Outro trabalho, ainda não publicado em um periódico mas já divulgado por seus autores, usou modelos computadorizados para estimar quão longe partículas de saliva — que podem carregar patógenos como coronavírus — podem ir quando uma pessoa caminha, corre ou pedala, por exemplo. Uma vez que, ao se movimentar, podemos deixar "rastros", os autores indicam que as distâncias seguras podem ser maior do que um a dois metros. Por exemplo, pode haver risco de transmissão quando a distância entre duas pessoas caminhando, uma na frente da outra, for menor que cinco metros.
Enquanto a distância de segurança ainda é discutida no meio científico, cidades brasileiras como Rio e São Paulo viram no último fim de semana alguns de seus pontos reunindo muitas pessoas. Apesar das restrições de acesso às praias, o calçadão da orla carioca teve grande movimento no sábado (04/04) e domingo (05/04). Em São Paulo, chamaram atenção imagens da Praça do Pôr do Sol, na zona oeste da cidade, lotada.
Praticamente todos os brasileiros submetidos às medidas de restrição de mobilidade têm experimentado um aumento nos níveis de estresse. Procurar se exercitar em casa, nesse sentido, equivaleria a "se privar pensando no outro", diz o especialista, que é professor da Faculdade de Ciências Farmacêuticas da Universidade de São Paulo (USP).

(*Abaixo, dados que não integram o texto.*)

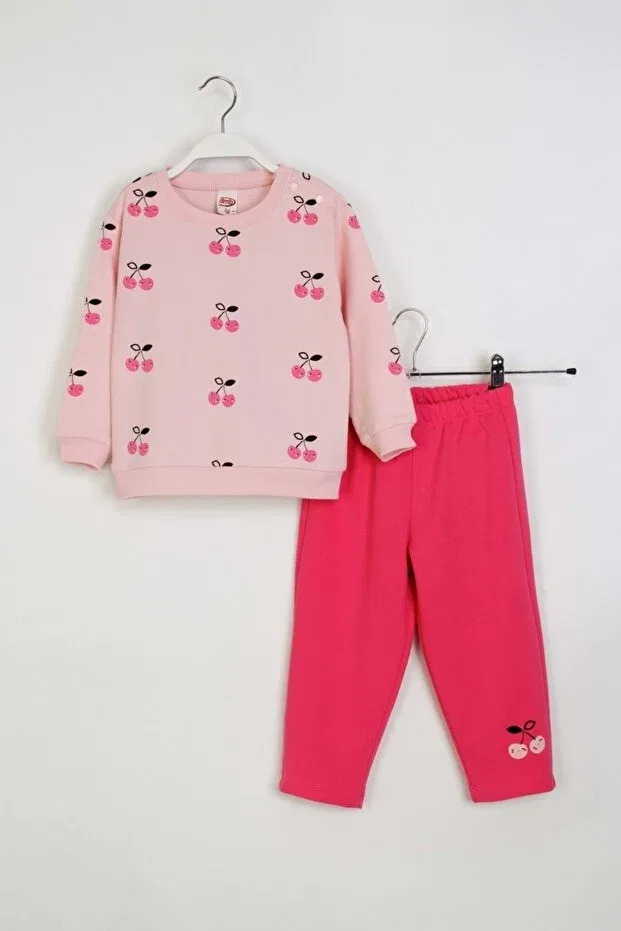 Детский комплект для девочек с принтом Cherry Printed Tracksuit Set Ww Waka Waka Kids Store, Powder — фото 2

Ele ressalta ainda que não se sabe exatamente o papel dos contaminados assintomáticos na transmissão da covid-19 — e evitar sair de casa o máximo possível seria uma maneira de evitar esse contágio. O médico Jamal Suleiman, do Instituto de Infectologia Emílio Ribas, acrescenta ainda o risco de lesões associado ao esporte ao ar livre.
"A questão é se você sofrer um acidente e precisar de assistência médica. Se seu pai precisar de atendimento por causa da covid-19, o profissional de saúde tem que estar disponível para atendê-lo, em vez de estar atendendo você." O especialista faz coro a colegas de outros países. Uma mensagem gravada pelo médico espanhol Carlos Mascías, diretor de um hospital privado em Madri, em que ele pedia que os ciclistas deixassem as bicicletas em casa, viralizou em meados de março. "Qualquer possibilidade de minimizar um consumo nos serviços de saúde que não esteja destinado à infecção por coronavírus é primordial", afirmou.